# EXERCISE INPUTS
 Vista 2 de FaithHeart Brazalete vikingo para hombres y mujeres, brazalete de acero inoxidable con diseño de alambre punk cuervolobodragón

---

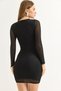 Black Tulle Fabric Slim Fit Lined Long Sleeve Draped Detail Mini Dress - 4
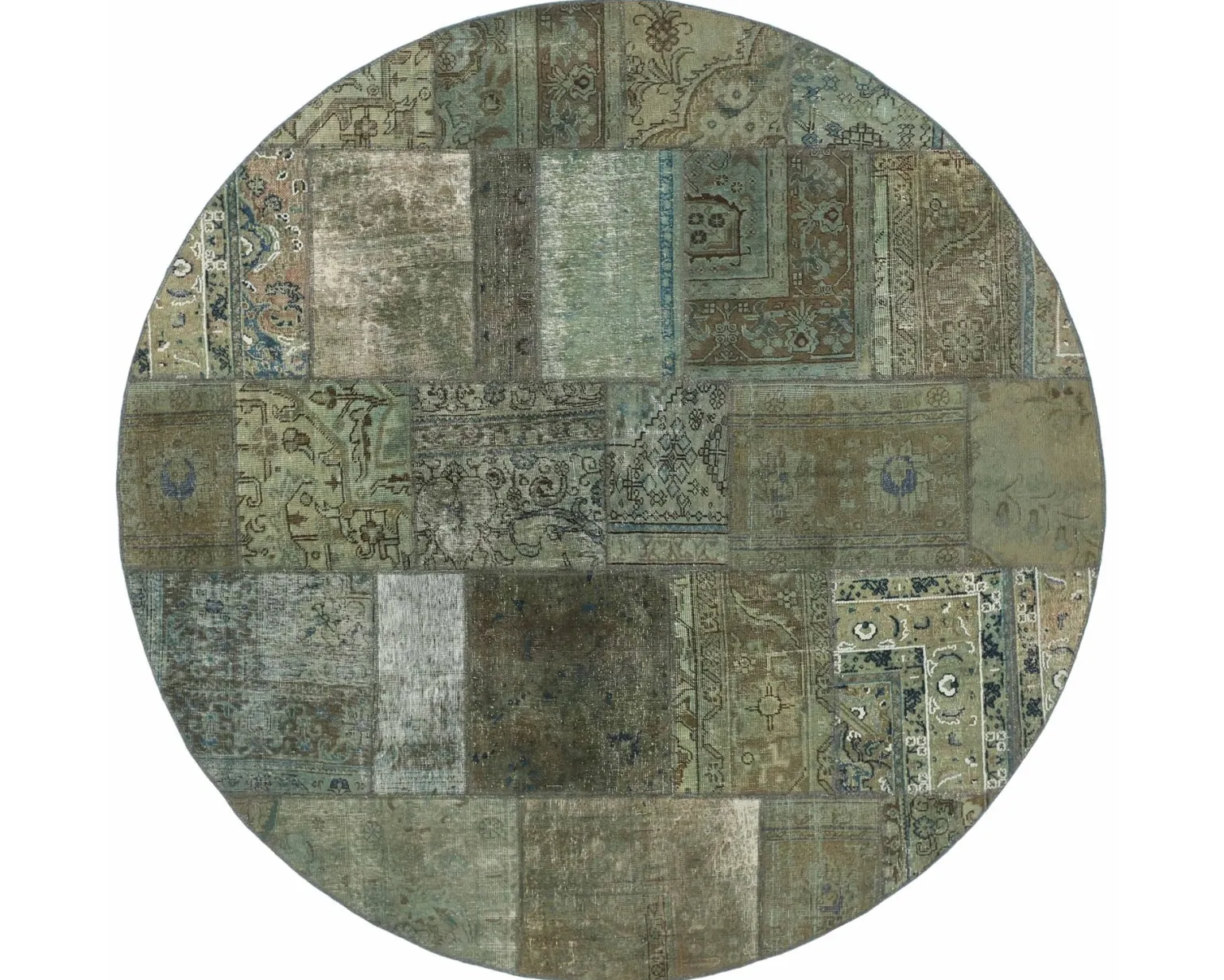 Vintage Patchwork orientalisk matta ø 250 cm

# REQUIRED ACTION
Reproduce the listing above exactly from the line containing "Black Tulle Fabric" up to and including the line containing "Vintage Patchwork orientalisk matta ø 250 cm", omitting any images and everything outside those lines.

# RESPONSE TO THIS TASK
 Black Tulle Fabric Slim Fit Lined Long Sleeve Draped Detail Mini Dress - 4
 Vintage Patchwork orientalisk matta ø 250 cm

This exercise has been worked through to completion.